DATASET EXCERPTS:
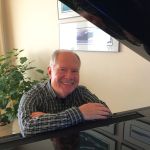 Ken Kraintz at his grand piano.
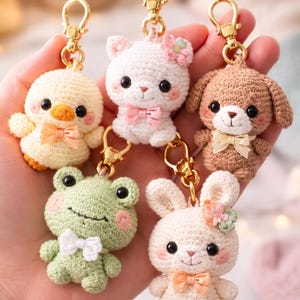 Peut inclure: Collection de six porte-clés animaux crochetés, dont un canard, un ours, un chien, une grenouille et un lapin. Chaque porte-clés est doté d'un fermoir doré et d'un nœud. Les animaux sont de couleurs pastel variées, avec des yeux noirs et des joues roses.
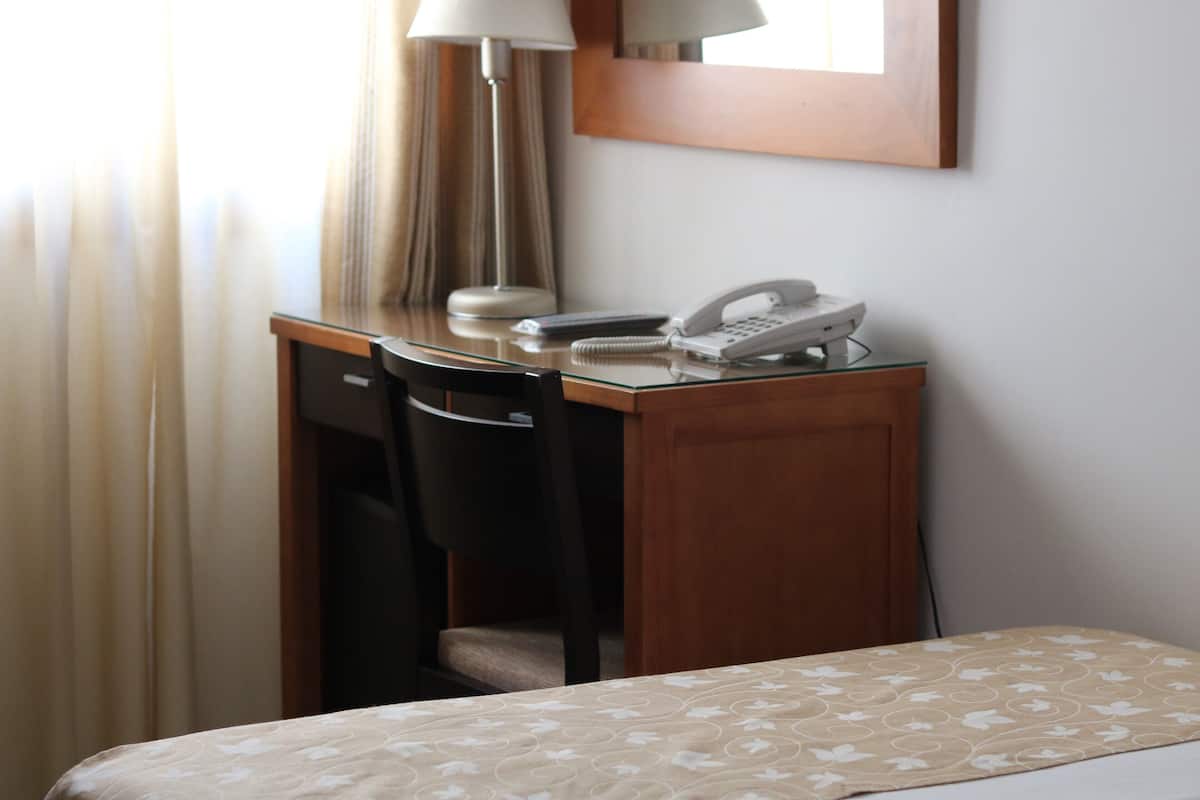 A hotel room with a wooden desk, a telephone, a lamp, and a bed with a patterned bedspread.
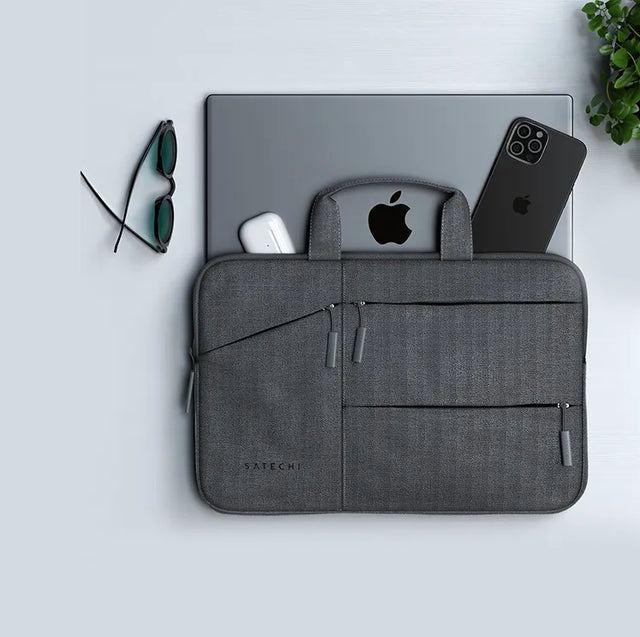 Gray Satechi laptop carrying case with handles and zip pockets, with a MacBook, iPhone and AirPods case tucked behind it, next to sunglasses and a plant.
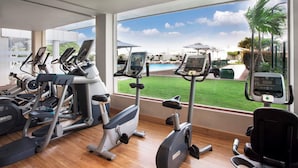 A gym with various exercise machines, large windows, and a view of a pool and lawn. - Hilton Colombo Residence (Colombo)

THE PROBLEM:
Leave out the pictures and repeat exactly the lines from the start of the material through the line that contains "Peut inclure: Collection", both included.

TASK SOLUTION:
 Ken Kraintz at his grand piano.
 Peut inclure: Collection de six porte-clés animaux crochetés, dont un canard, un ours, un chien, une grenouille et un lapin. Chaque porte-clés est doté d'un fermoir doré et d'un nœud. Les animaux sont de couleurs pastel variées, avec des yeux noirs et des joues roses.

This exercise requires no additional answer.